Welcome to my day. Strewn salad, sad squats.
I call it an exercise in humanity.
And humility if we are being honest.
I am stretching my limbs and pointing my toes to reach as far as possible into the depths of the human experience. Becoming bigger, wider, taller, as I seek to encompass the full spectrum of what it is to walk the trail of a true human being as they say in Dances With Wolves. To simply breathe and embrace my all, even if that all feels ungood.
Perhaps a less glamorous way of putting that is saying I am a hot mess today.
Discouragement, insecurity, stress, exhaustion. I think overwhelmed would be an appropriate caption, as I smacked straight into a wall I sensed was approaching but still wasn’t quite expecting.
After almost passing out at work from hunger (note to self, must pack more than 2 tangerines and a cliff bar for lunch no matter how late one is running) and an incredible amount of stress, I have taken a long pause.
If you are waiting for the conclusion to this pause, I don’t have it.
I’m still pausing.
Floating somewhere between a deep breath and the realization that at times I do a poor job of caring for myself.
I tend to be expansive. Limits are hard for me. I take on more than I probably should. And figure out where the shoulds lay when I smack into walls.
I do a lot because I can. Without always stopping to consider that just because you can, doesn’t mean you should. (*insert wall smacking sound here*) I’m not sure where that leaves me.
I guess in my sad squat at the grocers, as I attempt to mop spilled salad and search for my sense of humor who is floating above me laughing at it all.
This is what it means to be human I think. Moments such as these.
Moments where we smack into our limitations and realize one person can only do so much.
Moments of imperfection. Moments of embarrassment. Moments of looking silly, a bit pathetic and like we don’t have it together as a stray cucumber slice rolls along the linoleum and finds a resting place under the nearby display of generic holiday pies.

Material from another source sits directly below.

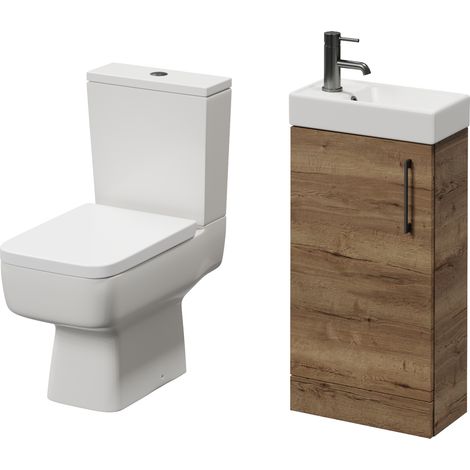 Napoli Cube Tobacco Oak 400mm Single Door Vanity Unit and Toilet Suite with Align Basin - 400mm - Gunmetal Grey 160mm Handle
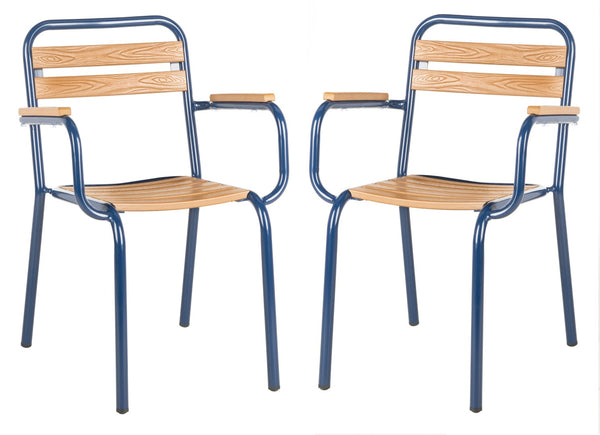 Safavieh - Set of 2 - Rayton Chair Brown Navy PAT4039A-SET2 889048568389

I think the last shred of “No I’m good, I’ve got this” rolled right on along with that cucumber. I’m not good actually.
I’m tired. I’ve been working myself too hard. I’ve got an ocean of grief from a dead dog and the loss of my best friend that I haven’t had space to process.
Life has changed on a dime and I am running as fast as I can to change with it. There’s been little time for pause. So I’m not all that sure that I’m good.
But I do know that I’m human. And that is okay.
I think there are the days where we are able to access our best self. Some might call it our higher self. Our divine self. The self that knows what it is to love unconditionally and gaze at the world through eyes of compassion that somehow know.
Know how to rise above. How to see the bigger picture. How to connect with our most beautiful spiritual self. How to find joy in sorrow.
Then there are the days where what we access is what it is to be human. Forget the eyes of compassion, the higher all knowing self, the joy in sorrow, the spark of the divine. Who has time for divinity when you are scooping chickpeas and carrots off a dirty, trudged upon, slippery, slush filled floor?
Here’s what I know right here, right now, in my moment of profound humanness. I may not be “good,” but I am good.
Good in the sense that I am listening to what myself has to say.
Good in the sense that despite all the bumps of the day, somewhere deep down I really do view times like these as a way to extend ourselves even further into the reach of humanity.
Good in the sense that I believe it is just as important to honor our tired, exhausted, salad strewn self as it is to honor our shinier, more put together, higher self.
Good in the sense that says it’s okay to have a hard day. Without justification, qualification, or rationalization.
You don’t always have to be “good.” Some days you just have to be. And that is enough. It is okay to be human. It is okay to figure it out as you go along. It is okay to just be.
And on the very hard days where you are chasing cucumber slices across the floor and watching broccoli florets merrily bounce along worn tile? That is okay too. Sometimes Life needs a bit of bounce.
There are always new salads to be made.